Breaking big projects into smaller cycles (Sprints) is a major tenet of Agile development.
Waste #3 - Decentralized Development Team
By centralizing your development team to one location, you remove the waste of having to make phone calls, send emails, make conference calls, etc., to work through a problem. While useful, email is not always the most efficient communication tool for trying to work through a problem.
Being able to turn around to the person behind you and get a question answered saves minutes if not hours of productivity.
Waste #4 - Gold Plating
In software development, there is not good enough, good enough, and too good. And yes, there is such a thing as too good.

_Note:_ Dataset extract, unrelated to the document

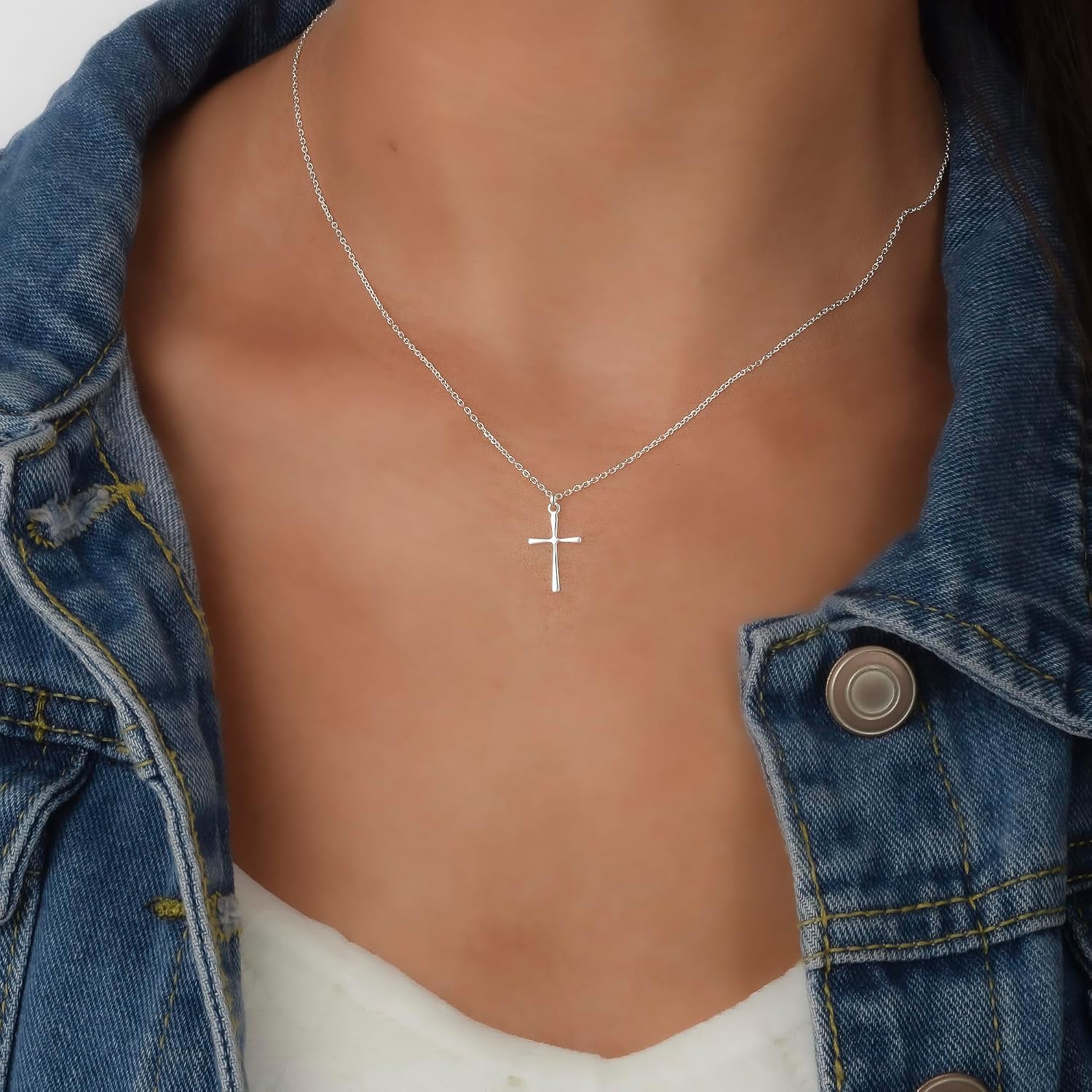 Thumbnail 3 de Annika Bella Silver Cross Necklace — Dainty, Durable Silver Chain with Small Cross Charm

The focus is to build a product that is as high quality as it is cost effective. Make sure that the quality of the application that you develop is within the range of good enough. This may seem like a bad thing (who strives for good enough?), but you must consider that most software efforts are not really ever done. So, whatever you create today may be discarded tomorrow.
If you overspend your time making a feature TOO perfect (aka Gold Plating), you might be just wasting more time and money on something that will not survive.
Waste #5 - Scope too big for resources/sprint
Too often, people try to identify all of the features an application should have at the outset of the development process. Instead, the goal should be to define a roadmap, which is a very loosely identified set of requirements.
From this roadmap, the requirements should be trimmed down to a list of requirements that the development team can accomplish within a few cycles. If the requirements team spends too much time working on the entire set of requirements, then the development team sits in a wait state.
Additionally, when the scope is too big for the development team, then the scope is too big for the requirements team. By reducing the focus to a small subset of features, the requirements team will usually provide a more accurately defined set of requirements.
Waste #6 - Underutilizing Available Tool Sets or Patterns
In recent years, patterns have developed to identify common problems. These patterns are incredibly useful to remove “unnecessary movement” without trying to recreate the wheel.
An example would be Telerik and Infragistics control libraries as well as code generation tools that assist in manufacturing your data access layer and business objects in the form of CSLA .Net (a software development framework that helps you build a reusable, maintainable object-oriented business layer for your web app). Take advantage of both tool sets.
Waste #7 - Defects
How do you reduce defects? It’s the million-dollar question in software development. Testing is usually the answer.
But the Lean philosophy teaches us that quality is the goal for defect reduction. And therefore, since quality cannot be inspected, we come to the conclusion that quality of code must be built in. You can address this through two means: code reviews and unit testing. This starts with the developer owning responsibility and not relying on a QA person to catch the problem.
QA starts in development, not after the developer thinks it is done and pushes it to QA.
Waste #8 - Unused Employee Creativity
This form of waste is the most prevalent in most waterfall methodologies. It is the identification of this waste that truly validates Agile as a complete solution. In waterfall methodologies, programmers are treated like a unit of work, a cog.
Programmers are given a specification, and are expected to code to that specification. But they are generally not given the context of the specification or how it relates to other features that are being asked of them.
It should be expected that at any time a programmer should be able “stop the line” and ask for clarification if the requirement is incongruent with others, or if there might be a more efficient solution.
In waterfall, this is an expensive activity, because of the overload of project management. In Agile, this is anticipated, expected and encouraged.